▶ [What is needed] Below is a listing; write it out exactly and drop any images from it.

▶ [Dataset excerpt]
<<<<
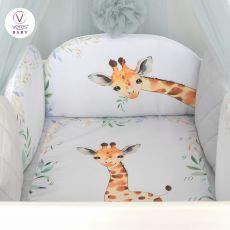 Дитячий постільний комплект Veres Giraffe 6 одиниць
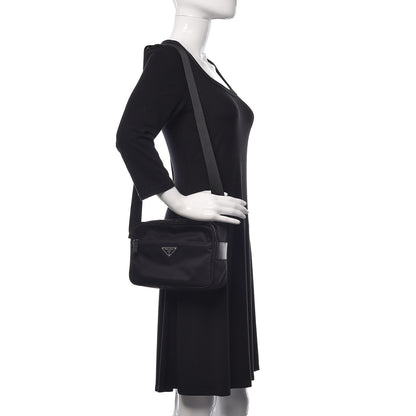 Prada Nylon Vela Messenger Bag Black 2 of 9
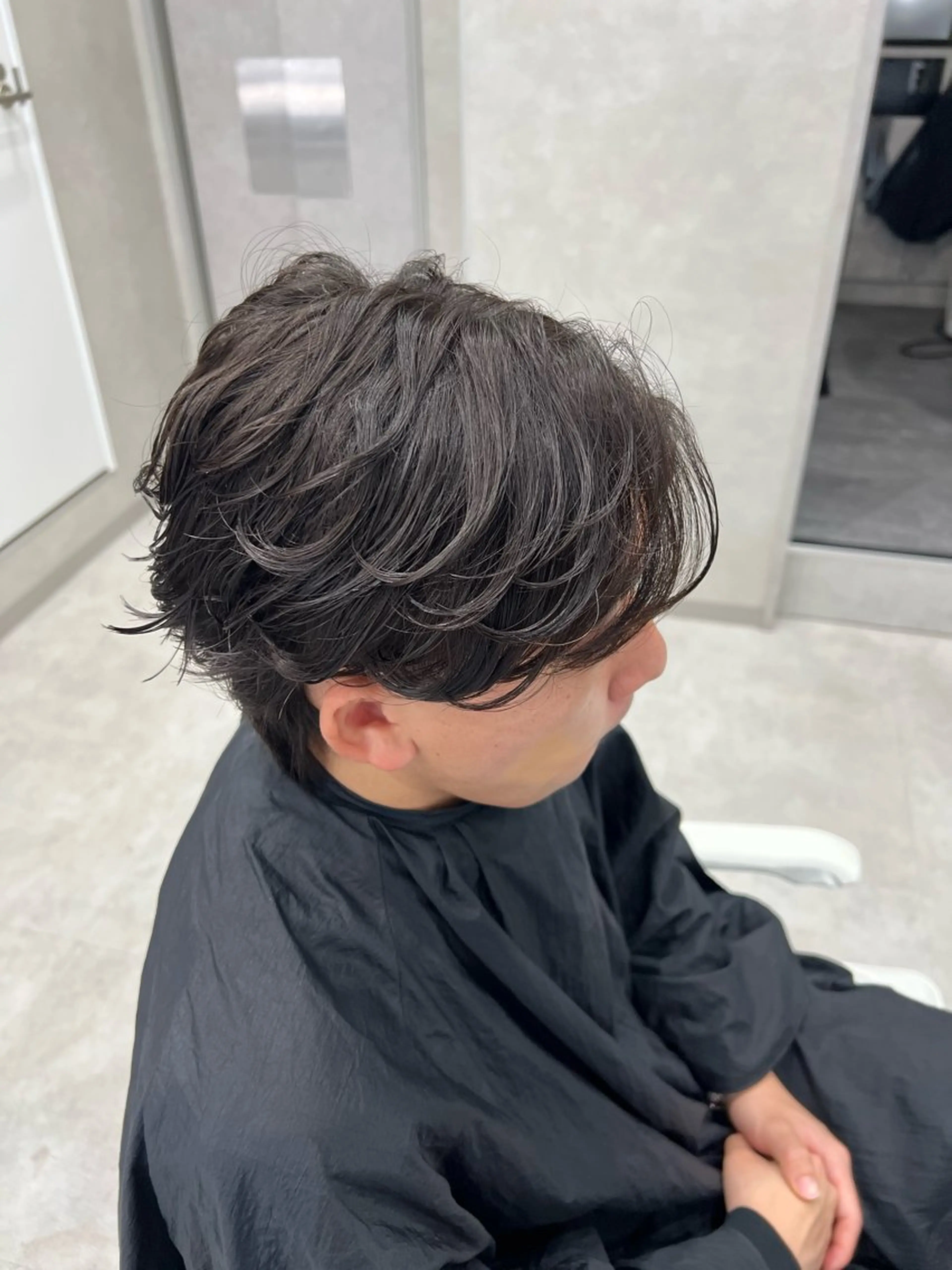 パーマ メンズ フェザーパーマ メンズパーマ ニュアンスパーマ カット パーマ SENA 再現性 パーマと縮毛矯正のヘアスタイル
>>>>
▶ [Written reply]
 Дитячий постільний комплект Veres Giraffe 6 одиниць
 Prada Nylon Vela Messenger Bag Black 2 of 9
 パーマ メンズ フェザーパーマ メンズパーマ ニュアンスパーマ カット パーマ SENA 再現性 パーマと縮毛矯正のヘアスタイル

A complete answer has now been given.